Seinen Nachlass verwaltet der Verein „Stiftung Schriftkultur“ auf Gut Königsbruch. So haben Künstler und Wissenschaftler Gelegenheit, sich mit der Kunst des Jean Larcher auseinanderzusetzen, oder sich in der von ihm zusammengetragenen Bibliothek Impulse für die eigene Arbeit geben zu lassen. Das Zentrum für Schriftkultur will eben auch Akademie sein, will mit Seminaren, Ausstellungen, Kursen, Workshops, Museumsbesuchen und Vorträgen mithelfen das Erbe menschlicher Schriftkultur zu bewahren und will dazu motivieren selbst kreativ zu werden. Als Künstlerin kennt sich Katharina Pieper vorzüglich im Spektrum geeigneter Materialien, Farben und Werkzeuge aus. Ihre vielfältigen nationalen und internationalen Ausstellungen sind Beweis dafür, aber auch ihre Buchpublikationen.
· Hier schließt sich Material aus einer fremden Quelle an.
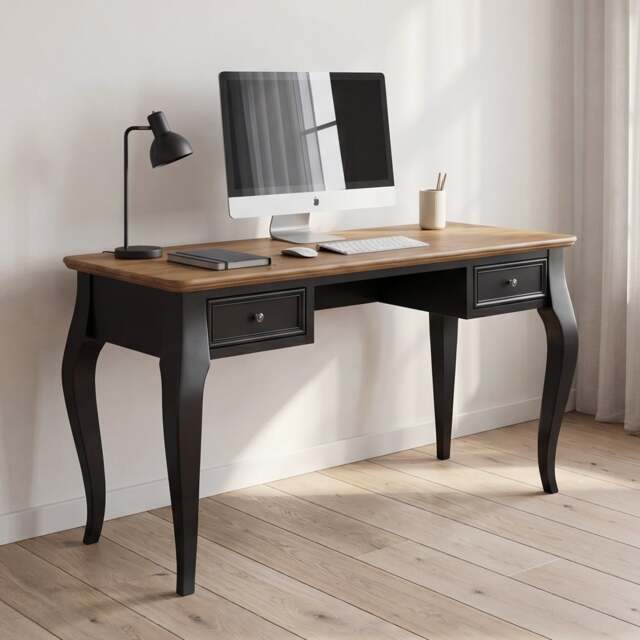 Chateau Noir Oak and Black Painted Computer Desk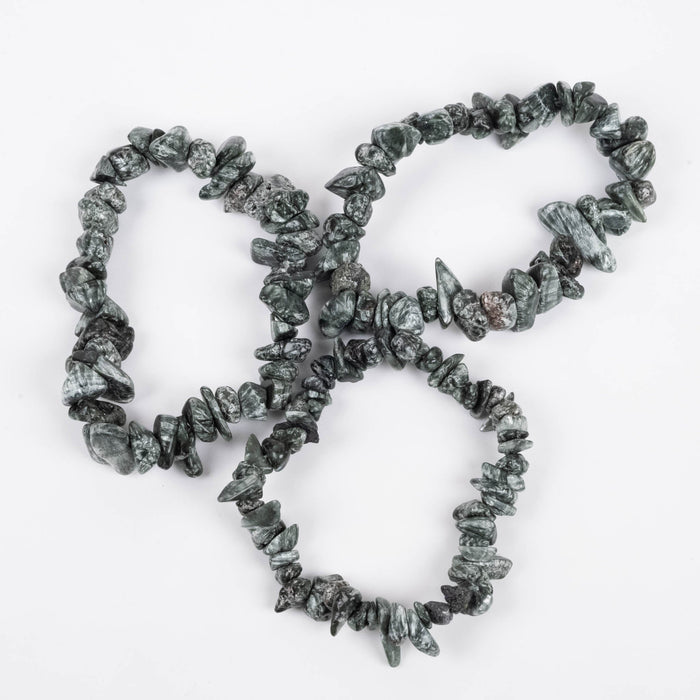 Seraphinite Tumbled Chips Bracelet - InnerVision Crystals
Eines der wichtigsten Werke darin ist sicherlich das unter Experten stark nachgefragte Buch mit dem Lebenswerk von Jean Larcher. Seine Originale finden sich auch im Museumsbereich des Zentrums für Schriftkultur. Bei alledem bleibt Katharina Pieper aber bodenständig. Ausdruck hierfür ist ein aktuelles Werk, in dem sie Koch- und Schriftkunst miteinander genussvoll verbindet. Schmackhafte Rezepte in leidenschaftlichen Lettern. Für die Stadt Homburg gestaltet sie seit vielen Jahren die Seiten des „Goldenen Buches“, in dem sich herausragende Persönlichkeiten beim Besuch der Kreisstadt verewigen.